A la création du GUD, Frédéric Brigaud [7] supervise la propagande du mouvement et veut imposer un style très visuel, capable d’être identifiable rapidement. L’idée est de s’imposer au premier coup d’œil dans les halls des universités au milieu de tous les affichages des mouvements d’extrême gauche, qui proposaient le plus souvent de très longs textes. Brigaud porte son choix sur des BD en grand format.
Marchal, qui dans son adolescence s’est intéressé à la BD, se retrouve à produire une BD quasiment quotidiennement pour commenter l’actualité politique ou raconter les « exploits » du GUD. Dans ses dessins, il glisse rapidement un petit rat (qui était gris au départ). Il s’inspire alors d’un personnage de la BD Chlorophylle contre les rats noirs de Raymond Macherot. [8]

Gérard Ecorcheville, qui s’occupe également de la propagande pour le mouvement, voyant Marchal s’amuser à dessiner les rats noirs de Macherot, fait le parallèle avec la façon dont l’extrême gauche représente les nationalistes radicaux.
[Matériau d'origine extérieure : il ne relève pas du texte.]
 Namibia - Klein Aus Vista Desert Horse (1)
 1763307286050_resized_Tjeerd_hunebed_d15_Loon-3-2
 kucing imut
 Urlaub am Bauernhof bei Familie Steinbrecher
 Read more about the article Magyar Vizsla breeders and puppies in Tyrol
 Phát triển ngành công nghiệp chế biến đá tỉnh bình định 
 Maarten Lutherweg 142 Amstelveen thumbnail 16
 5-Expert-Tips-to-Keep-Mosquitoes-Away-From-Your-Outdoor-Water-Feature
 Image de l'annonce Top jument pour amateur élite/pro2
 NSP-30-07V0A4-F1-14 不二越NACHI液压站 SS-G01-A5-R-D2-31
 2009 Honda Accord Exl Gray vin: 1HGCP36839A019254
Il convainc Marchal que ce petit rat noir qu’il dessine régulièrement, c’est tout simplement la représentation du gudard de base !
Ce rat noir permet à Marchal de représenter les gudards de façon originale et décalée plutôt que, selon les propres mots de Marchal, de donner dans « l’héroïque chevalier hyperboréen » ou les « brutes casquées ». [9]

Enfin, l’extrême droite radicale se trouve un nouveau symbole, depuis que la croix celtique a été abandonnée pour éviter tout rapprochement avec Occident [10]. Le rat noir s’affiche rapidement sur les panneaux du GUD à Assas, sur les affiches du mouvement ou dans les pages d’Alternative, le fanzine du GUD. Un visuel qui fera mouche puisqu’en Italie, en Suisse et en Espagne, les militants radicaux d’extrême droite utiliseront à l’occasion le rat noir comme symbole. [11]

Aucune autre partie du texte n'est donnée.